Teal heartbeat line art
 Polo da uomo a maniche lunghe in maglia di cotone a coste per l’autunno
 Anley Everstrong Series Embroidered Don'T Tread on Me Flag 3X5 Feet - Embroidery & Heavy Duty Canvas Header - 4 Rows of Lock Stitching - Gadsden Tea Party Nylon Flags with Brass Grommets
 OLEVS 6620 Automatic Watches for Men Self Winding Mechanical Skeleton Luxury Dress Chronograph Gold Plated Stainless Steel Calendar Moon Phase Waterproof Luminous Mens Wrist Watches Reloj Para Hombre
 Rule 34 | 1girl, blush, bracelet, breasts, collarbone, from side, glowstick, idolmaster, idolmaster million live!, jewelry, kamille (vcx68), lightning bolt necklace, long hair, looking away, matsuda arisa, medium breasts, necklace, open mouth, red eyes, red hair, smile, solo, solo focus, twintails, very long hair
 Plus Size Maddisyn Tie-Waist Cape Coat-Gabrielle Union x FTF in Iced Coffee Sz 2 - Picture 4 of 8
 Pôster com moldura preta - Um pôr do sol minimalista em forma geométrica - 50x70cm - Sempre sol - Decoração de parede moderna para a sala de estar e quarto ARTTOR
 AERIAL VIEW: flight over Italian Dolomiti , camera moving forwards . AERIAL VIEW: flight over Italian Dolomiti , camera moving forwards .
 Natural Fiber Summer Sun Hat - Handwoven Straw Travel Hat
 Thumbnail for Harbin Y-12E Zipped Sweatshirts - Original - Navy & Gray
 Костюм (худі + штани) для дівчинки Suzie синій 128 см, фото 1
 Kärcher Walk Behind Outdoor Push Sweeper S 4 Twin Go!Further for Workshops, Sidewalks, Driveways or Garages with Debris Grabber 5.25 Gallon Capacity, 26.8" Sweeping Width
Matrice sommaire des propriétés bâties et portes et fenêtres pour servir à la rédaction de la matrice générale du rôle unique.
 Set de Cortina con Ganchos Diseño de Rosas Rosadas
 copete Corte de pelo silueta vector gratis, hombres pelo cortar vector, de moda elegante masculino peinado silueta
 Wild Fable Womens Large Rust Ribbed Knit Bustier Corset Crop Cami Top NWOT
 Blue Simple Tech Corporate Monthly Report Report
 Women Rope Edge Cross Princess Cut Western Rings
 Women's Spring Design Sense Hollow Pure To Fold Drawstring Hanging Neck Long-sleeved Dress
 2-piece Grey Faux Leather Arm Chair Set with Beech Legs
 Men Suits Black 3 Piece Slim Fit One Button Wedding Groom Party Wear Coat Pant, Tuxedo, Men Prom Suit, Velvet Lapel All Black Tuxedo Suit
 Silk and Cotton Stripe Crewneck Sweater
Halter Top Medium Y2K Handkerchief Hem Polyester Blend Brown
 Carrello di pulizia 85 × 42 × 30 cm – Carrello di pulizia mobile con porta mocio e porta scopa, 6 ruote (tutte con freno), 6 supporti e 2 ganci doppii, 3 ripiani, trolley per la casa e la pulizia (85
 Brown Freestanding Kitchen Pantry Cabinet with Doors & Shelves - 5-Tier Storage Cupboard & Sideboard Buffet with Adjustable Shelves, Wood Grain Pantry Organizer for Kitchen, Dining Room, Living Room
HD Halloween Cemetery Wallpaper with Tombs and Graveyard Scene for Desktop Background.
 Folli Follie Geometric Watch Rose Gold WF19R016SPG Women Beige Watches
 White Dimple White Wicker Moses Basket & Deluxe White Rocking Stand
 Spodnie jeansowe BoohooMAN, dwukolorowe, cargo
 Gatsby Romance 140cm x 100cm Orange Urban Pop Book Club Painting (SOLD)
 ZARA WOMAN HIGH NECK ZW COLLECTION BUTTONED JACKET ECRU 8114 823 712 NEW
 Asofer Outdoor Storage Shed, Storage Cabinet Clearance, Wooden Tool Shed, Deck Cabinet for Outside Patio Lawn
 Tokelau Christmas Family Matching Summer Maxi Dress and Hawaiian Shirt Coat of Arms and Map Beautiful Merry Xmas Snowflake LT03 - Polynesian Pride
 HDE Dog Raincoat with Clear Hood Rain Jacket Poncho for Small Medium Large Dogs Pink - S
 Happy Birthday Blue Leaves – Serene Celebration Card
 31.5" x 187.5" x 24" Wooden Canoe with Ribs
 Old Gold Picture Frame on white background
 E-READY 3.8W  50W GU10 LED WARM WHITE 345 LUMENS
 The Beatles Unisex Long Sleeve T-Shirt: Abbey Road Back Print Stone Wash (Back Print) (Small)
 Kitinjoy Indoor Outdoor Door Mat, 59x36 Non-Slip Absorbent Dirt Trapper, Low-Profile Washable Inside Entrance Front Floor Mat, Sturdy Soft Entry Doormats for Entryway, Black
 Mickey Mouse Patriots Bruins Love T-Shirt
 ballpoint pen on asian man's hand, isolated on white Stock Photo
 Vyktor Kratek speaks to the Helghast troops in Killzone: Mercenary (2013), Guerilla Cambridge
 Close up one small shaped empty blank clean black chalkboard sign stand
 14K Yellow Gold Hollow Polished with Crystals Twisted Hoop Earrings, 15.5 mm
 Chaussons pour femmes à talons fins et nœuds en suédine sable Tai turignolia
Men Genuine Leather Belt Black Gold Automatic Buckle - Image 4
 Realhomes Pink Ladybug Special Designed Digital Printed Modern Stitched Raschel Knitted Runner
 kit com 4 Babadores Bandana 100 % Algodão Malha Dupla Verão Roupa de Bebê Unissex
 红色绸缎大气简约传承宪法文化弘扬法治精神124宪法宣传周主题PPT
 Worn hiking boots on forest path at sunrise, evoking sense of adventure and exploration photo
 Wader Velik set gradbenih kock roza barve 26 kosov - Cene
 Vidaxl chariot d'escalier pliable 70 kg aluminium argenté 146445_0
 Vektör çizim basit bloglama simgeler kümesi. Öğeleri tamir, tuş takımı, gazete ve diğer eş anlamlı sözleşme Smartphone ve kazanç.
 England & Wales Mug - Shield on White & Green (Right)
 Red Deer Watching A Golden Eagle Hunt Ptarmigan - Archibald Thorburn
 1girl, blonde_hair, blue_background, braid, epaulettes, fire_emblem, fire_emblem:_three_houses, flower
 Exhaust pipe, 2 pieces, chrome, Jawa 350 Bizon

• Task description: Wherever a line in the records contains the word "Automatic", copy that line.

• Response to the exercise:
 OLEVS 6620 Automatic Watches for Men Self Winding Mechanical Skeleton Luxury Dress Chronograph Gold Plated Stainless Steel Calendar Moon Phase Waterproof Luminous Mens Wrist Watches Reloj Para Hombre
Men Genuine Leather Belt Black Gold Automatic Buckle - Image 4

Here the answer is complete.